═══ RECORDS FOR THE EXERCISE

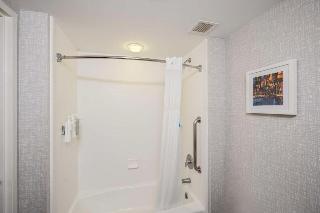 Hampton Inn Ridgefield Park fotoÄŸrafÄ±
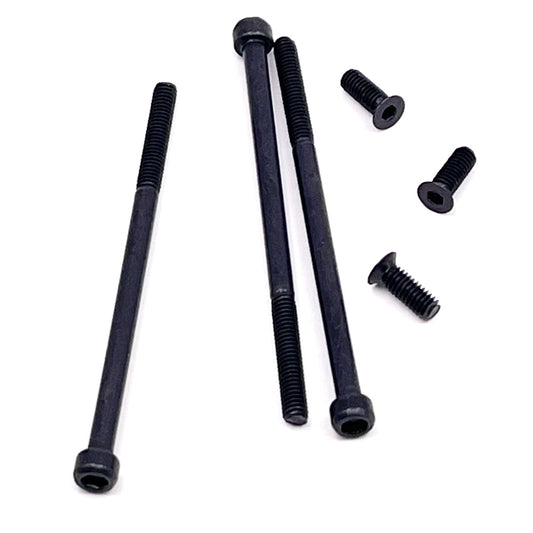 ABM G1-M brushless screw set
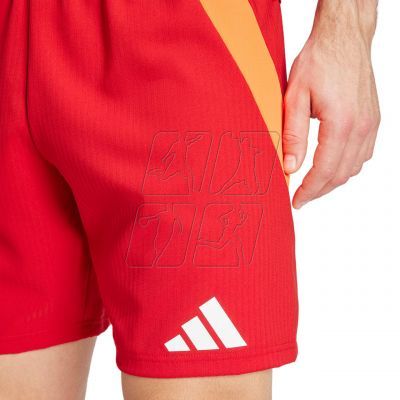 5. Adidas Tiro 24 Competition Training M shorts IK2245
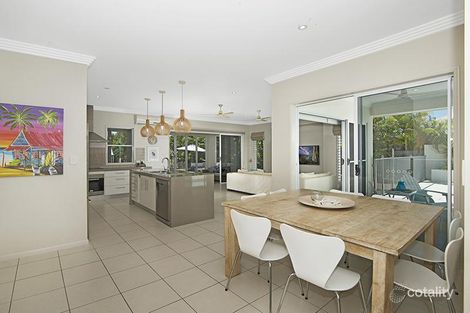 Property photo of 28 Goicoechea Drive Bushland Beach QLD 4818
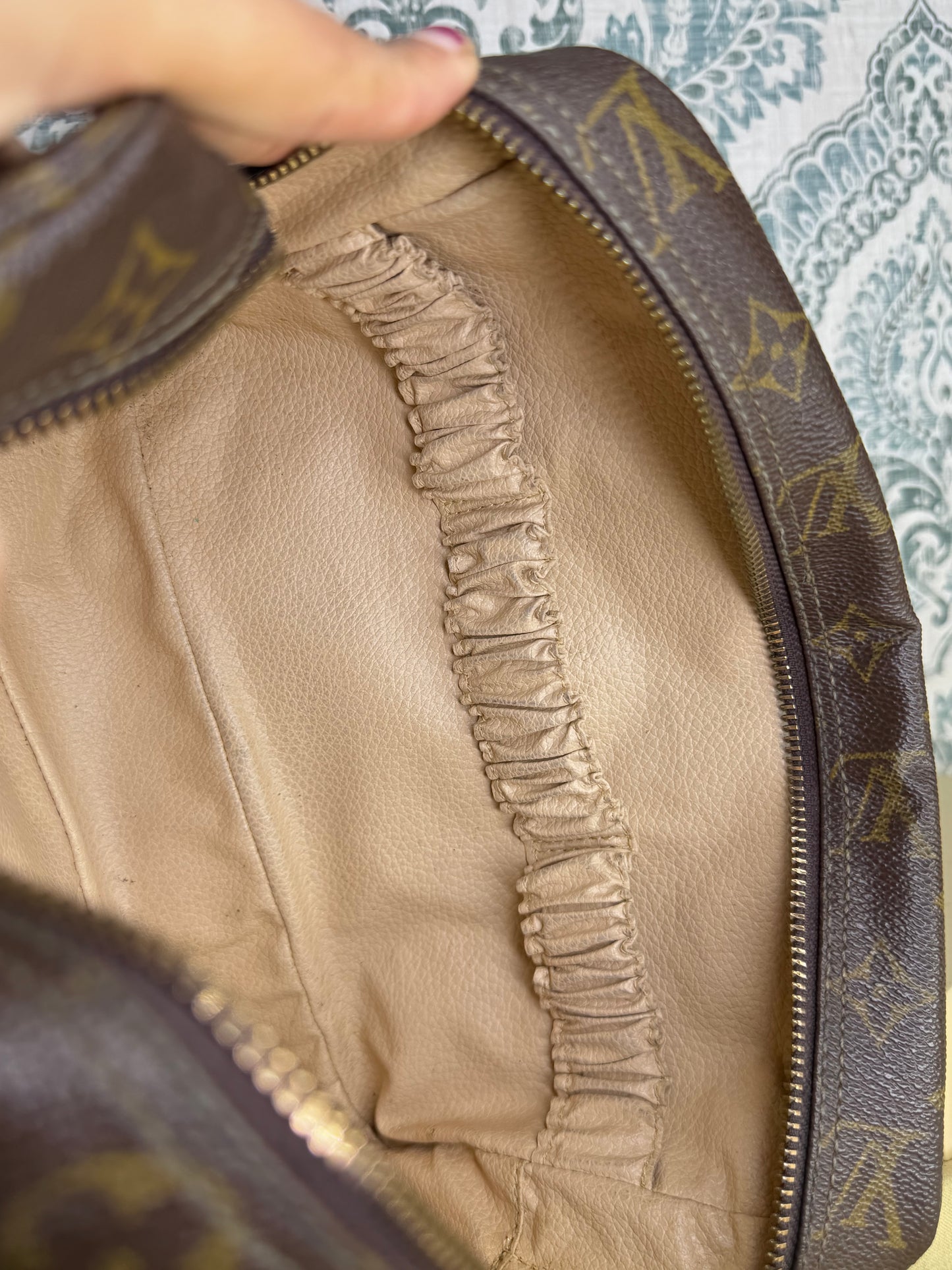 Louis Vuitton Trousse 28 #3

══════
═══ RECORDS FOR THE EXERCISE

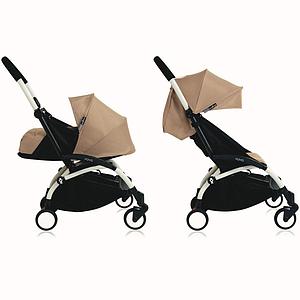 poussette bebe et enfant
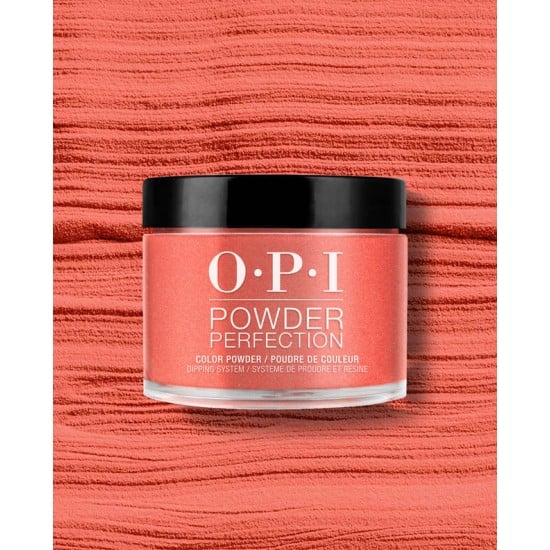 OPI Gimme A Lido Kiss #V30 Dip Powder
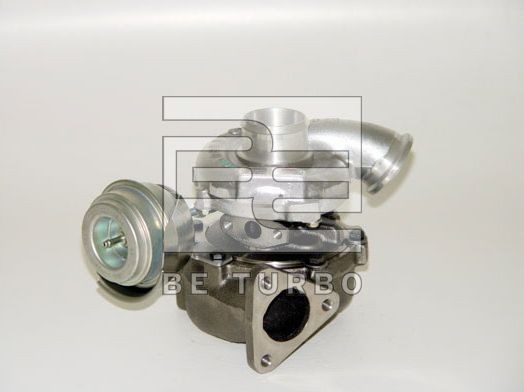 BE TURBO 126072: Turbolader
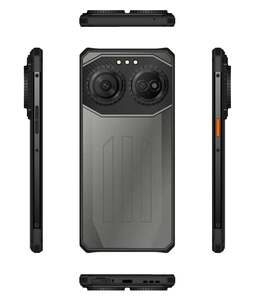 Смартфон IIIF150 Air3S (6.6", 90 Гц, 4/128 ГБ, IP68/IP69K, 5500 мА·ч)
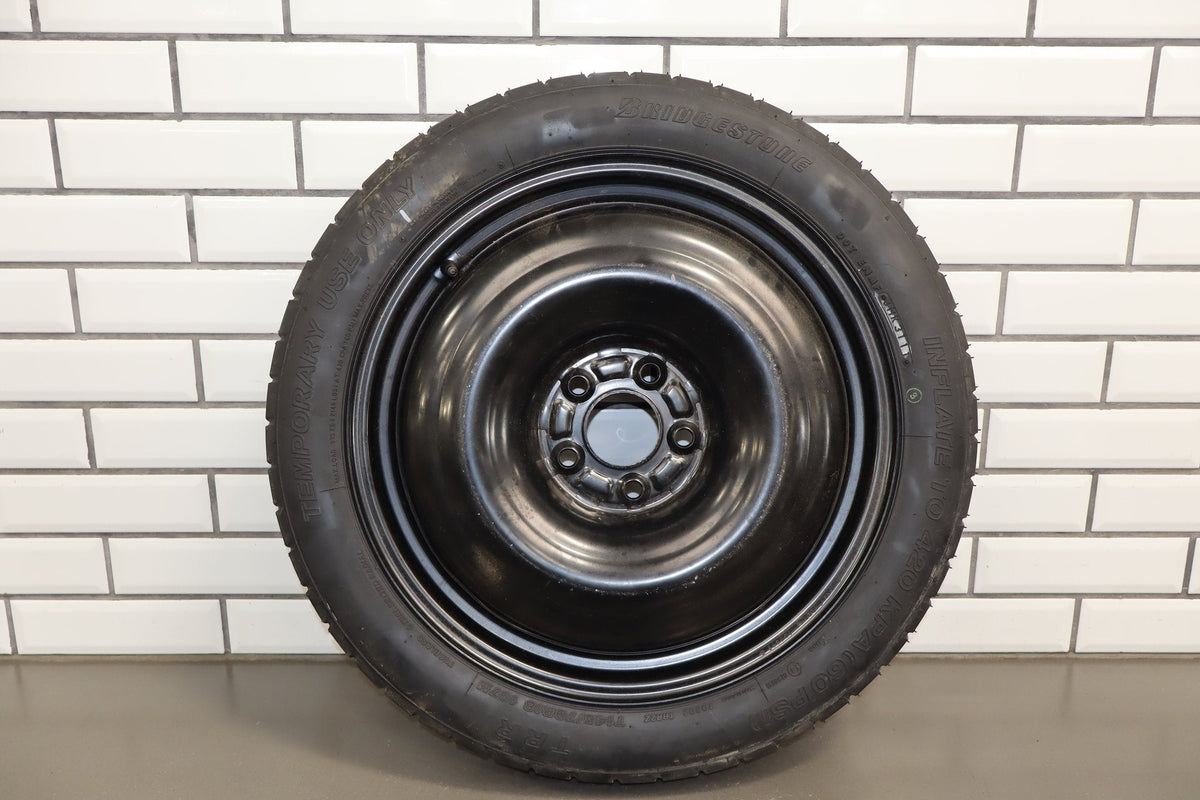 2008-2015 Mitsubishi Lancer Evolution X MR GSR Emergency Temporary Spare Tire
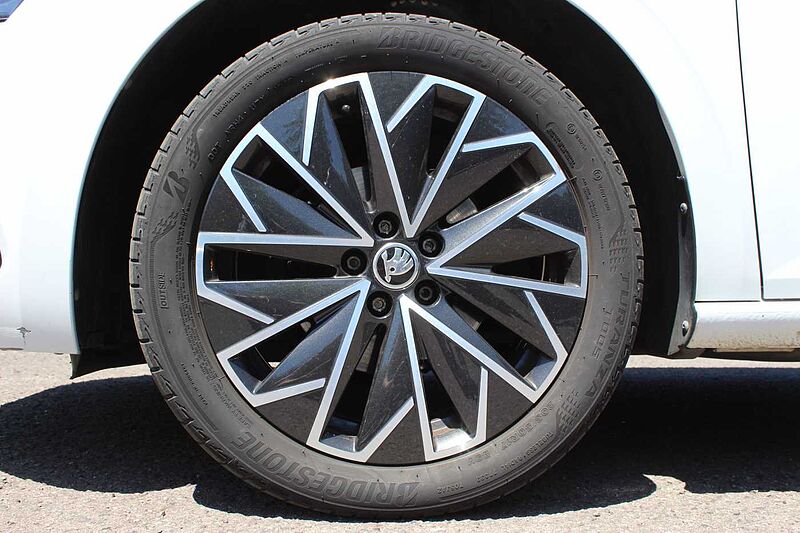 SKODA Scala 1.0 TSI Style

══════
═══ RECORDS FOR THE EXERCISE

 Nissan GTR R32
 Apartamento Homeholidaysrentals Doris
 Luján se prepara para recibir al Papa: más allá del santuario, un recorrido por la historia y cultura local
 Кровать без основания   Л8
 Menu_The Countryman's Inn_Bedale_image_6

══════

(YOUR ASSIGNMENT):
Your answer should be the lines above from the one containing "Apartamento Homeholidaysrentals Doris" through the one containing "Menu_The Countryman's Inn_Bedale_image_6", copied exactly and with both ends kept.

(RESULT OF THIS EXERCISE):
 Apartamento Homeholidaysrentals Doris
 Luján se prepara para recibir al Papa: más allá del santuario, un recorrido por la historia y cultura local
 Кровать без основания   Л8
 Menu_The Countryman's Inn_Bedale_image_6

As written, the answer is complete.